Aécio também nada tem a ver com o fato de os tucanos dos cinco escândalos
estarem soltos. Eles receberam essa graça porque o Ministério Público e o
Judiciário não conseguiram colocar-lhes as algemas. O tucanato deu-lhes graus
variáveis de solidariedade e silêncio.
Pela linha de argumentação dos dois candidatos, é falta de
educação falar dos males petistas para Dilma ou dos tucanos para Aécio. Triste
conclusão: quando mencionam casos específicos, os dois têm razão. A boa notícia
é que ambos prometem mudar essa escrita.
A doutora Dilma listou os cinco escândalos tucanos, todos do
século passado, impunes até hoje. Vale relembrá-los.
CASO SIVAM
Em 1993 (governo Itamar Franco), escolheu-se a empresa americana
Raytheon para montar um sistema de vigilância no espaço aéreo da Amazônia.

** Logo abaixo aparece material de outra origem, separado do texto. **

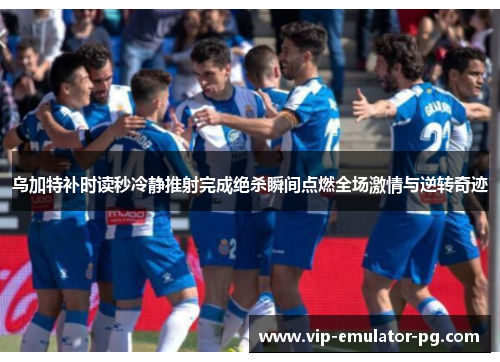 乌加特补时读秒冷静推射完成绝杀瞬间点燃全场激情与逆转奇迹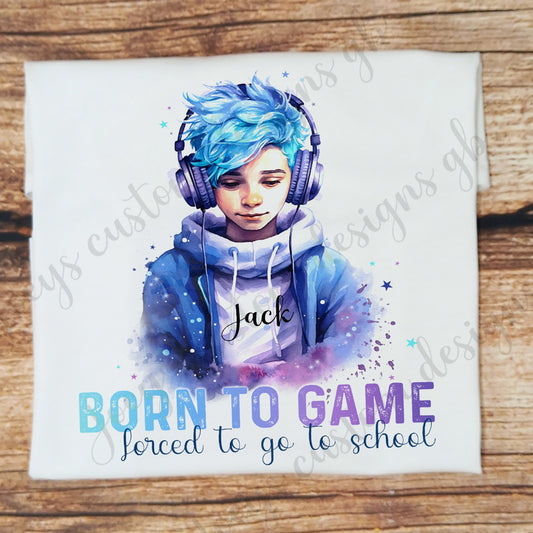 Born to game forced to go to school tshirt, boys gaming shirt
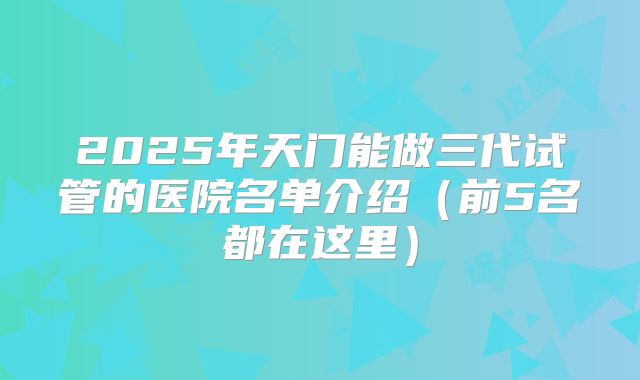 2025年天门能做三代试管的医院名单介绍(前5名都在这里)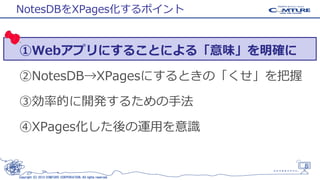 NotesDBをXPages化するポイント

①Webアプリにすることによる「意味」を明確に
②NotesDB→XPagesにするときの「くせ」を把握
③効率的に開発するための手法

④XPages化した後の運用を意識

8
Copyright (C) 2013 COMTURE CORPORATION. All rights reserved.

 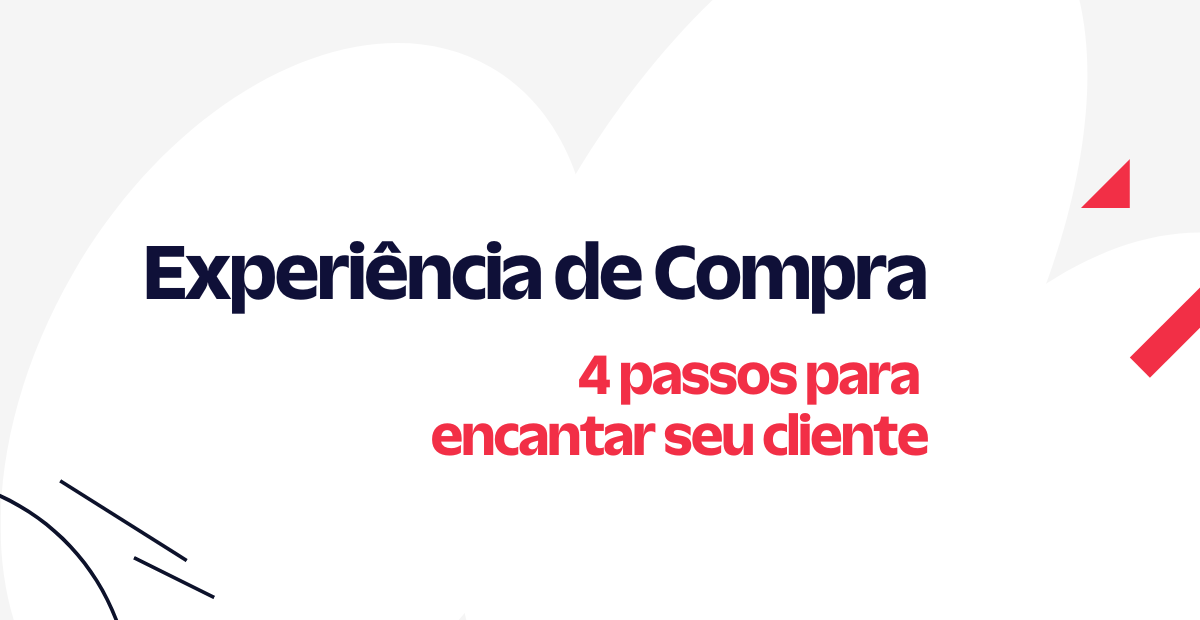 Experiência de compra o que é e 4 passos para encantar o seu cliente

Coisa de US$ 1,7 bilhão, sem concorrência. Dois anos depois (governo FHC), o
"New York Times" publicou que, segundo os serviços de informações
americanos, rolaram propinas no negócio. Diretores da Thomson, que perdera a
disputa, diziam que a gorjeta ficara em US$ 30 milhões. Tudo poderia ser briga
de concorrentes, até que um tucano grampeou um assessor de FHC e flagrou-o
dizendo que o projeto precisava de uma "prensa" para andar. Relatando
uma conversa com um senador, afirmou que ele sabia "quem levou dinheiro,
quanto levou".
O tucano grampeado voou para a Embaixada do Brasil no México, o
grampeador migrou para o governo de São Paulo e o ministro da Aeronáutica perdeu
o cargo. Só. FHC classificou o noticiário sobre o assunto como
"espalhafatoso".
PASTA ROSA
Em agosto de 1995, FHC fechou o banco Econômico. Estava quebrado
e pertencia a Ângelo Calmon de Sá, um príncipe da banca e ex-ministro da
Indústria e Comércio. Numa salinha do gabinete do doutor, a equipe do Banco
Central que assumiu o Econômico encontrou quatro pastas, uma da quais era rosa.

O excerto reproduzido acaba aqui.